For more information about my books, go to barrypomeroy.com
ISBN 13: 978-1987922295
ISBN 10: 1987922295
Table of Contents
The Pace of Change
The Technology Infection
Having a Baby
Moving with Meat
A Cop in Times of Trouble
Your Loved One
An Early Adopter
Done Ghosting
Jimmy’s Bottle World
Backwoods Gene-Splicer
Forced Disorder
The Station Yarusk
On the Run
Not Everyone Beats the Same Drummer
Deep Meditation
Dollar Store Baby
Dark-Aged
Immersed
Monkey Hacked
Genetic code is modifiable through cheap and dubious online kits, and the VR technology of the rich allows them to visit even the most dangerous slums. Lying in bed in secure buildings, and using hologram projectors that allow them to be both present and invulnerable, they stalk the dismal streets looking for ever more exciting carnage, a child splayed under the wheels of a truck, the bodies of Ebola victims and the carnage of the resource wars.
These ghostlike beings drift along the hundred terabit trunklines, since they cannot substantiate far from a data source. If they pay enough for the protocols, and their VR gear is comprehensive, then their substantiation is stronger, and even modifiable, and they can hear and smell. Hackers flood to where avatars are the thickest, however, cracking firewalls and into the code stream. They wreak havoc with the imagery, but also hack along the line, getting to the source, which is the reclining meat body which controls so much of the wealth of the society.
Young people want to hack, old people want to use the system to their advantage, and groups set up events where code reality is mixed with what they call real. Anything is possible if you have a high data line and money and the willingness to take risks.

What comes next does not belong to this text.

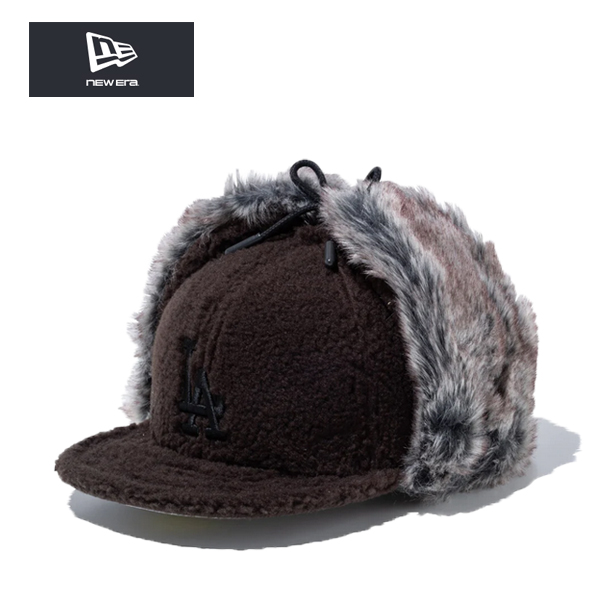 ニューエラ キャップ 59FIFTY Dog Ear ドッグイヤー ボア ロサンゼルス・ドジャース ブラウン 茶 LA NEW ERA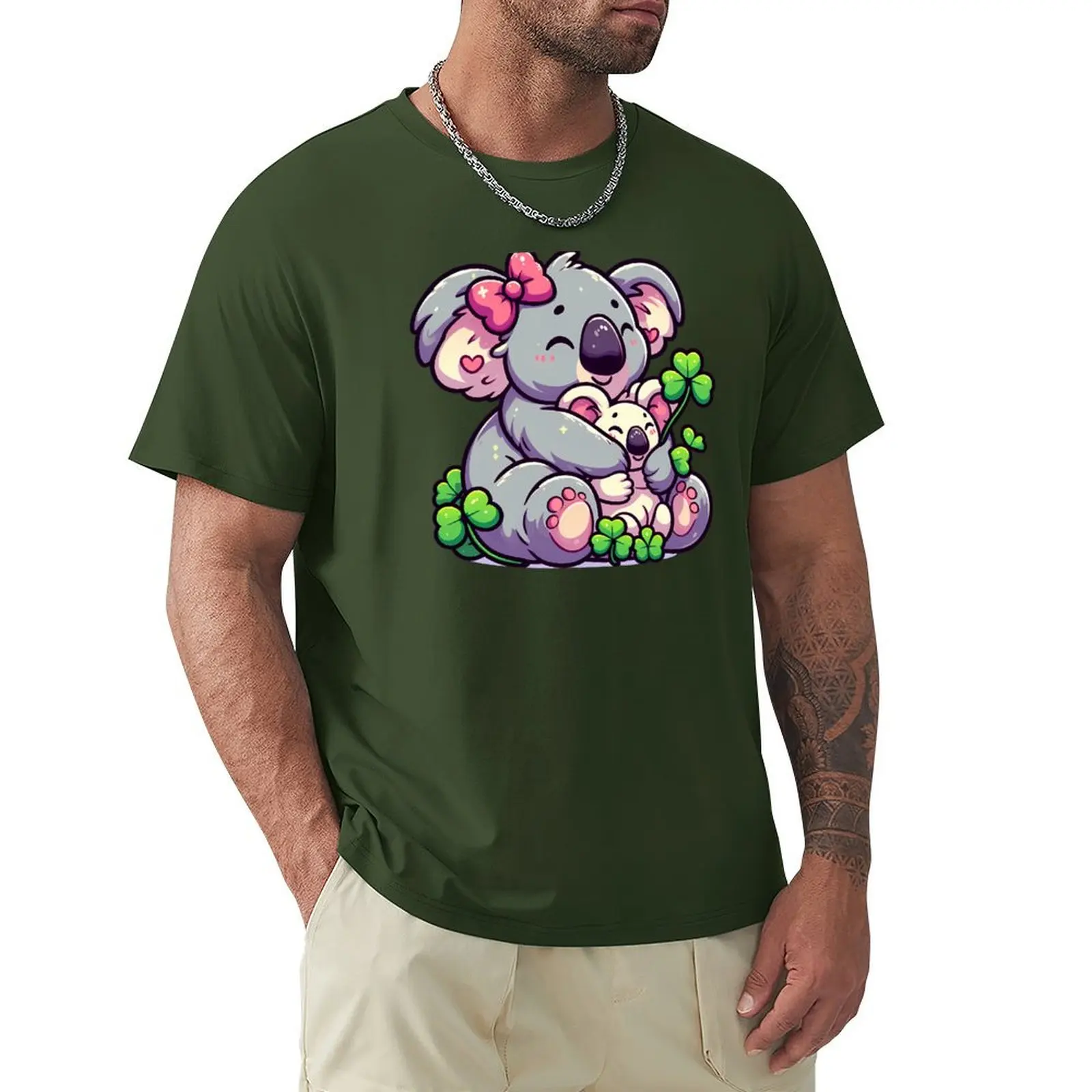 Cute Kawaii Koalas cuddling in clovers T-Shirt animal prinfor boys hippie clothes customizeds mens graphic t-shirts anime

"The Pace of Change" is an examination of the exponential pace of human advancement. Starting with the earliest proto-humans and ending with the present and suspected future, this introduction to the stories evaluates our technological past.
"The Technology Infection" is about an event, and two irresponsible teens who attend in the flesh to watch, and, it turns out, to participate in the mayhem.
"Having a Baby" is the tale of an old woman from Vietnam who, grieving the loss of her family, has found an illegal and possibly immoral solution to her inability to procreate.
"Moving with Meat" features Jailee, who wants to crack into the hacker community, but at thirteen years old she’s an unlikely candidate unless she has something to offer.
"A Cop in Times of Trouble" is the bar ramblings of a police officer who is not impressed by the changes to the society around him.
"Your Loved One" tells the sad story of a man who has lost a remarkable and tragically ill daughter, only to fear that he’s about to lose her again.
"An Early Adopter" is the story of a university professor who, unemployed because of layoffs in the education industry, finds himself locked into a dubious contract with World Builder Corporation; he is a software slave operating robots on the edge of human space and planning his escape.
"Done Ghosting" features a disillusioned avatar who has seen too much depravity to carry on being casual about misery.
"Jimmy’s Bottle World" tells the story of an impetuous teenager who quickly gets in over his head when he decides to make a new species using a corrupt DNA kit.
In "Backwoods Gene Splicer" Aubrey moves into a remote area to conduct his genetic experiments with the help of children who don’t realize until it’s too late what they’ve agreed to.
"Forced Disorder" is Ana’s story of careless laziness, and how a moment’s thoughtlessness has the potential to change the direction of society.
In "The Station Yarusk" an unwary tourist who has ignored the warnings tries to feed the animals and takes on more responsibility than he is prepared for.
"On the Run" tells the story of a teenaged thief caught in a world changing too rapidly around him for family or even personal relationships. When he stumbles into a Buddhist compound that all changes, however, and the object he’s stolen loses its value.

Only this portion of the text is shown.